Las proveedoras del litoral y los jefes locales
El nombre del operativo no es casual. La investigación reveló que dos mujeres oriundas de Misiones viajaban a La Rioja para concretar una transacción clave. La Federal las esperaba. Fueron interceptadas apenas pisaron suelo riojano. Lo que siguió fue un efecto dominó: con esa pista, se identificó a dos hombres locales que manejaban los búnkeres y distribuían la mercancía en los barrios.
Las edades de los detenidos dicen mucho: jóvenes adultos (25, 33, 38 y 45 años) que operaban con total conocimiento del circuito. Según fuentes judiciales, usaban domicilios como centros de acopio y distribución, en un esquema que, según se supo, ya venía operando hace meses, quizá años.
Escuchas, búnkeres y un millón en efectivo
Todo empezó con una denuncia anónima. Pero lo que siguió fue una investigación de libro: intervenciones telefónicas avaladas por la Justicia, análisis de datos, vigilancia encubierta, y el seguimiento preciso de los movimientos de la banda. DAJuDeCo participó activamente en el armado del rompecabezas.

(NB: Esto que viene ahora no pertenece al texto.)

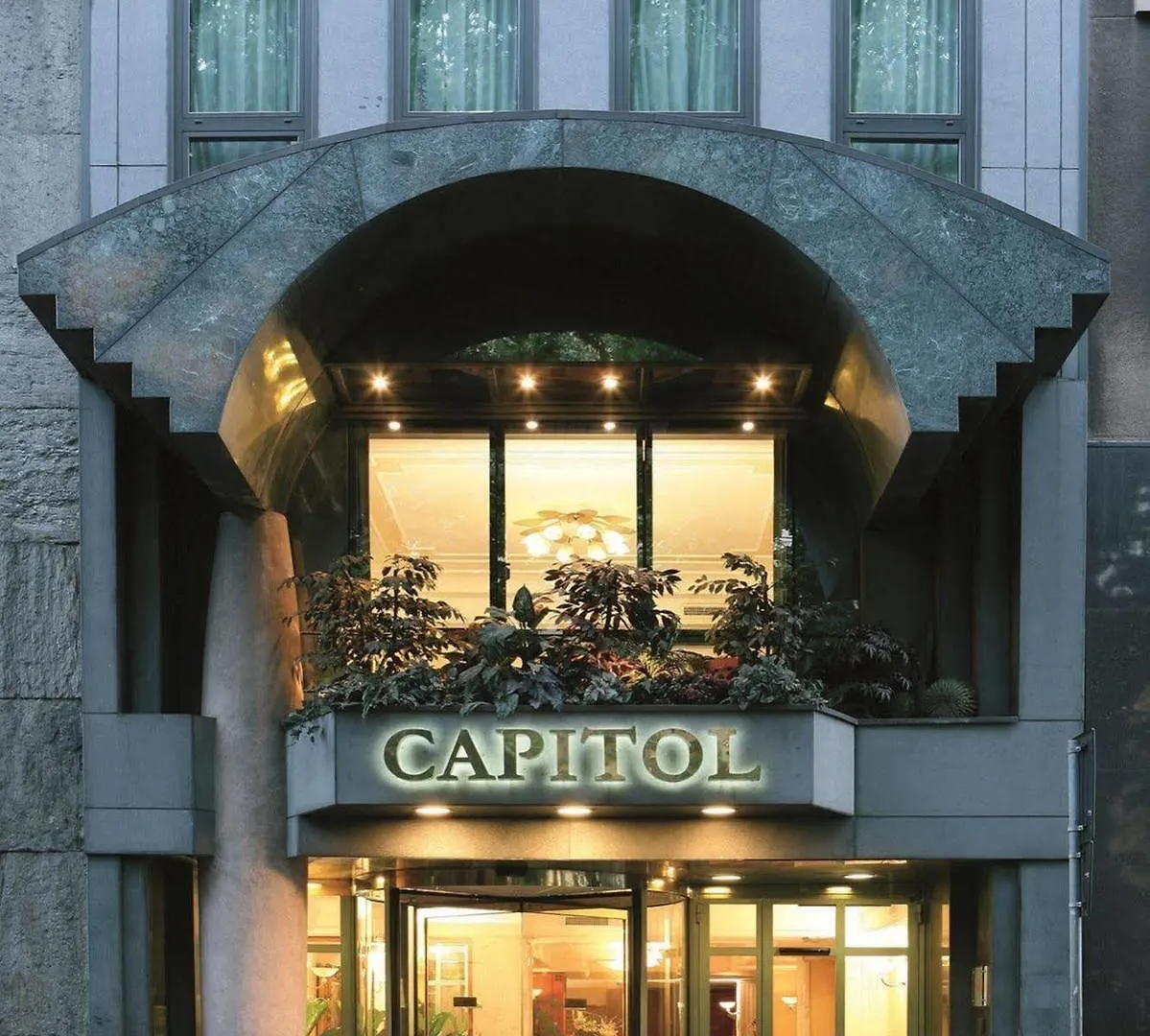 Hotel Capitol Milano  Mediolan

El resultado: cuatro allanamientos simultáneos, en los que se secuestró más de un kilo de marihuana, celulares, balanzas de precisión, un auto, documentación clave y más de un millón de pesos en efectivo. ¿Recaudación de la semana o parte de algo más grande?
¿Golpe al narcotráfico o parche momentáneo?
La operación es celebrada como un “fuerte golpe al narcomenudeo”, pero deja al descubierto una realidad preocupante: La Rioja ya no es territorio de paso, sino plaza activa del narco. Y aunque esta red fue desbaratada, nadie en Tribunales se anima a decir que era la única.
El silencio, el miedo y la complicidad todavía flotan en los barrios. Mientras tanto, los búnkeres reaparecen con otros nombres y otras caras. Hoy fueron “Las Misioneras”. Mañana, quizá, “Los Porteños”, “Los Salteños”, o los que operan desde adentro.